R. Ann Parris on Growing Management: Methods & Tradeoffs

 

Management Methods & Tradeoffs by R. Ann Parris

The management methods and growing styles we choose have intimate relationships with the space and labor required to produce food at home. Whether our priority is getting the most out of each square foot of soil, or lowering workload — initially or in successive days/weeks/months if not successive seasons and years — will affect which efficiency methods most appeal, and thus the crops we’ll most lean on.

There’s no one-size-fits-all. The relationships are just something to be aware of, especially for preppers, so that various methods and crop needs-results can be compared and tailored to fit individual needs and abilities.

Space/Area
How we manage our crops affects how much land we put under production, the ratio of yielding beds/rows to walking or driving paths inside our planting areas, and the labor involved.

There are pro-con tradeoffs to everything in life.
– I need more total space to run a machine off an ATV or pony versus wiggling in on foot with a hand tool, but my back-aching labor is significantly reduced.
– Running a manual push or pull cultivator, furrower, wheel hoe, or planter requires a middle-road amount of space — less space than required for powered options; more space than if I’m using a rake and spade.
– I need less space if I’m congestion planting beds (versus single or double row crops), but it leans heavily on healthy soil or a high-fertility method, and it routinely leans on human labor for maintenance and harvest.
– I need more space for dryland farming than irrigated crops.
*Aquaponics and hydroponics vary hugely in the amount of tech and space by specific setups even within general types of systems, so I’m not even touching on them here.

Even within a method, there are tradeoffs.
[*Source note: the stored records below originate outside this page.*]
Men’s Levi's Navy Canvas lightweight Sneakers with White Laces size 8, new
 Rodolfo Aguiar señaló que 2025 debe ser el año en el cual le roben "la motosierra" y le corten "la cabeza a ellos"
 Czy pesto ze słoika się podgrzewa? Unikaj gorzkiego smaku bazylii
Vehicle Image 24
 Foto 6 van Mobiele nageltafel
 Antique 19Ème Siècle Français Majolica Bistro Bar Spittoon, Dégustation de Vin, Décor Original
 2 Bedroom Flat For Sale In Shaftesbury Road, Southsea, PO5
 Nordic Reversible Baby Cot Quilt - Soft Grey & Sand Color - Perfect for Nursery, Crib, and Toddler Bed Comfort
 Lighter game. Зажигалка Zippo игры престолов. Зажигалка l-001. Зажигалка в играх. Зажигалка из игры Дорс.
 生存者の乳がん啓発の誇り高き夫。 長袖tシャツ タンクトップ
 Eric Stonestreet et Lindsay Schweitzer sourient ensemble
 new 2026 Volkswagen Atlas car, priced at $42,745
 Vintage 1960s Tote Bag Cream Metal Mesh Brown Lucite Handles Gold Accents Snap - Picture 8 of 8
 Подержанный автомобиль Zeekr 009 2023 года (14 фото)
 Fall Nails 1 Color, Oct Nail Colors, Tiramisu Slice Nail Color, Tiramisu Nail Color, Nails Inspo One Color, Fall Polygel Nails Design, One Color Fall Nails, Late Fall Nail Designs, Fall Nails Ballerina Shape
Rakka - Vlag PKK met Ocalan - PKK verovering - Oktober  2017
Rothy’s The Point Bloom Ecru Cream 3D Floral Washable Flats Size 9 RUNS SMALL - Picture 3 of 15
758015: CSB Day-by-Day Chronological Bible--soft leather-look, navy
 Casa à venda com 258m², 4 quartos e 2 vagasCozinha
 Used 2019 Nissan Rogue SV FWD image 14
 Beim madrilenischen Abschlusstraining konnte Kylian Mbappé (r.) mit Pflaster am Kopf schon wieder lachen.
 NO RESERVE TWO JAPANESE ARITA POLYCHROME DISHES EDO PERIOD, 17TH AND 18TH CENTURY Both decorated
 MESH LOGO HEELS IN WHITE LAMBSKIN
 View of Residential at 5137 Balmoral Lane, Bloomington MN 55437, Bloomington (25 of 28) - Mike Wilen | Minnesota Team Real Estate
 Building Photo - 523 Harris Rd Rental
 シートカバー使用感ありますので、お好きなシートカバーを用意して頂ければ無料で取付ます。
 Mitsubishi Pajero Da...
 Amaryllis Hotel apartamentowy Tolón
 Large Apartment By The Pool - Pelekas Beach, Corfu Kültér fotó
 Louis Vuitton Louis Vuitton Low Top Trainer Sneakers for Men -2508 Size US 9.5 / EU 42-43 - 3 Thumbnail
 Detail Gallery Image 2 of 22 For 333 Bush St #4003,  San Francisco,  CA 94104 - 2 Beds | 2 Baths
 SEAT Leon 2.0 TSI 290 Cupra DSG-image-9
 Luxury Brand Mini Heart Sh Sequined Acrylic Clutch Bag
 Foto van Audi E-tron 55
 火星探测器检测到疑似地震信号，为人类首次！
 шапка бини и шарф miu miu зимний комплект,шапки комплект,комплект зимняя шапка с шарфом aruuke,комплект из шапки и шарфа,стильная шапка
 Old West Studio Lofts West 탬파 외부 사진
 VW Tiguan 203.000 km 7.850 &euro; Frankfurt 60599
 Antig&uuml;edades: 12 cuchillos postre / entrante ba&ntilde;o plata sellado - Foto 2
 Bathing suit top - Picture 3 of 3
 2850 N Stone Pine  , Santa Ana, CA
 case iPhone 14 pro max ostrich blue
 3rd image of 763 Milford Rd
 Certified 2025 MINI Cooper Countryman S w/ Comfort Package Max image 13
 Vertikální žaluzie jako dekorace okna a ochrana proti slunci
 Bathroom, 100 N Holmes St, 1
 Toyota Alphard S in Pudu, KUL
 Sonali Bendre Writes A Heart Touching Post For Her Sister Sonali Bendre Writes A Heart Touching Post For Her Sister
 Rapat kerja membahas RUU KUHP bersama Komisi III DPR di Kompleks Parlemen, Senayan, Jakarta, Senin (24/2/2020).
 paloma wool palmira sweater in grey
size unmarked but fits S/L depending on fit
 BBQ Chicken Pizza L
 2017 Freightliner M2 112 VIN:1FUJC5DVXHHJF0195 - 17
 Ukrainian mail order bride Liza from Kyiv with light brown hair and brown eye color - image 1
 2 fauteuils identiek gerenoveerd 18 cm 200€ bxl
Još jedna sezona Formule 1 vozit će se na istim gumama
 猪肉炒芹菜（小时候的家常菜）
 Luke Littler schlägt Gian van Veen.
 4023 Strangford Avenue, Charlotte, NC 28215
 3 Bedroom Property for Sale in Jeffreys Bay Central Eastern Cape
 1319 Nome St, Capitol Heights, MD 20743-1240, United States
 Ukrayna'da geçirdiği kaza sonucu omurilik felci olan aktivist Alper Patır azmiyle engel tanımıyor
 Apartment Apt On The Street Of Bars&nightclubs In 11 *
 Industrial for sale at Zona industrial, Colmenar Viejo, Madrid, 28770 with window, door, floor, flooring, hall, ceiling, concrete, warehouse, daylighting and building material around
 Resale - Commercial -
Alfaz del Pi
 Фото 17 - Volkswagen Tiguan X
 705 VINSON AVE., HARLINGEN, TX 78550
I need less footprint to run things that grow vertically or can be stacked vertically, but I may be sacrificing airflow and-or light, which can impact plant health, and I may have to climb to harvest.

Equipment Needs
If we’re already growing, we likely already have the minimum equipment to work that management style. With each step toward more mech and higher tech, whether it’s a PTO attachment or a wheel hoe that converts to numerous options and a drop seeder, we need more.

It’s not just the investment in initial equipment. We’ll need more backups and maintenance tools as well with each successive level, and more know-how to use them and keep them running.

Method Interactions
How well our equipment works together with our other systems can change the labor and ease involved, and may influence some of the management practices we put into play. For example…

– It’s not a big deal for somebody who works mostly by hand and on foot to incorporate row covers and irrigation lines. However, for somebody going whole hog on mech — electric hand tools, diesel or gas burners, or pony powered — it can either require specialized or upgraded equipment, or extra steps to clear them ahead of regular maintenance tasks and harvests.

– Succession planning methods where we incorporate a fast-growing crop in between the lines of a slower-growing crop (say, radishes in between onions, leaf lettuces in between head cabbage, beets in between spinach) lets us plant an “extra” line of something inside the grid/rows of our larger and longer-growing crop, using that space until other plants need it. While some equipment can be set up tight enough to be basically using the gap between already tight crops like beets or carrots, it’s usually going to require either manual follow-up, or entirely human-based planting.

– Techniques like double-hilled or trenched-hill furrows for irrigation typically require extra manual labor or at least a second pass with equipment (and equipment that can be modified for the new height and narrower width, quickly enough to be worth it), but it helps keep water available for newly sprouted crops and can make watering those delicates both faster and more efficient.

Irrigation/watering methods, mulching and mulch types, and the need for trellising are other areas with common interaction compatibility that can crop up, from tote-sized containers in apartments to wide acreage.

There are always balances between management practices, growing styles, scale, and the amount of space and labor — and type of labor — required and available for production.

Almost any crop can be produced with any method. However, the efficiency of crop+method combinations vary hugely. Some things lend themselves really well to balconies and patio containers and 30-48” wide beds. Others really lend themselves well to single-row planting with space to sprawl. Still others must be sown densely and in general blocks to ensure pollination and reduce weeds.

Sometimes tradeoffs are worth it to pick a single method. Sometimes we’ll be inclined to mix base production and management methods to specific crops and areas of our property.

Picking which is best — for each of us — means understanding that the relationships exist, doing some research, and working some trials to see what best fits us and our needs and abilities, balcony container gardens to tilled acreage.